The project SoPHIA - Social Platform for Holistic Heritage Impact Assessment is the result of a call by the EU funding programme Horizon 2020 for a social platform on the impact assessment and quality of interventions at European historical environments and cultural heritage sites.
The resulting impact assessment model considers three main themes:
- Domains since the quality of cultural interventions is cross-sectoral - focusing on relevant issues, including counter effects.
- People since the quality of cultural interventions are connected to people – focusing on different needs of promoters/ funders, beneficiaries/ audience, mangers etc.
- Time since the quality of cultural interventions creates a legacy – focusing on the key moments of the lifecycle of intervention (ex-ante, ongoing and ex-post).

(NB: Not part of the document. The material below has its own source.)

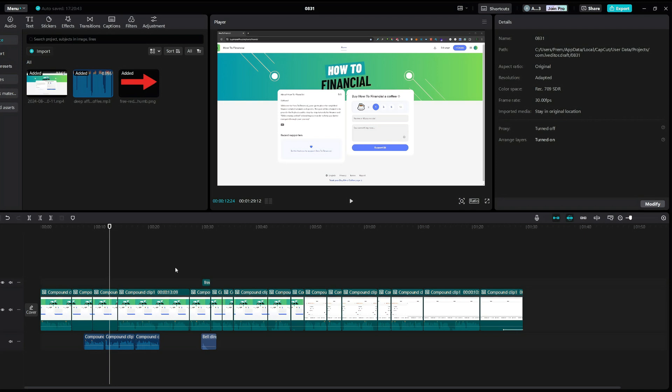Also, if you have Linkage turned on, this will also link any effects or subtitles to your video. So when you delete a part of the video, the subtitles or effects will also get deleted.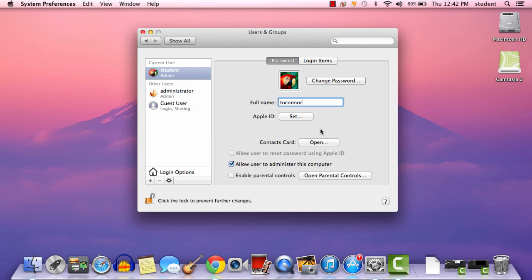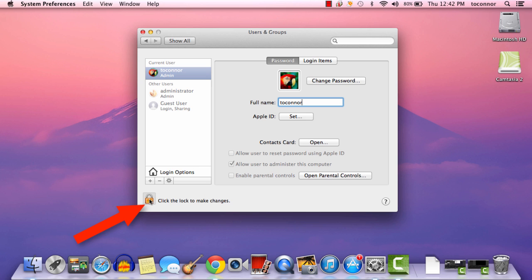I'm going to click Change Password, and now I've set my password. In addition, I've set the name of my computer to the first part of my BSD email address. So finally, I'm going to click on the lock to make all these changes permanent. Thank you, and have a good day.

The Holistic Heritage Impact Assessment Model facilitates an in-dept analysis of the kind of impact that has been produced by a cultural heritage intervention and considers how and for whom the impact was created. Sustainability and resilience lie at the core of the assessment model, which also considers people and time. The “People axis” gives a voice to the relevant stakeholders and the “time axis” considers at which stage of the intervention the assessment takes place (ex-ante, ongoing or ex-post). The model includes six domains that need to be considered when assessing a cultural heritage intervention. Rida Arif, EDUCULT, explained three of the domains, “Protection”, “Education, Creativity and Innovation” as well as “Quality of Life”, in more detail to exemplify how the model works.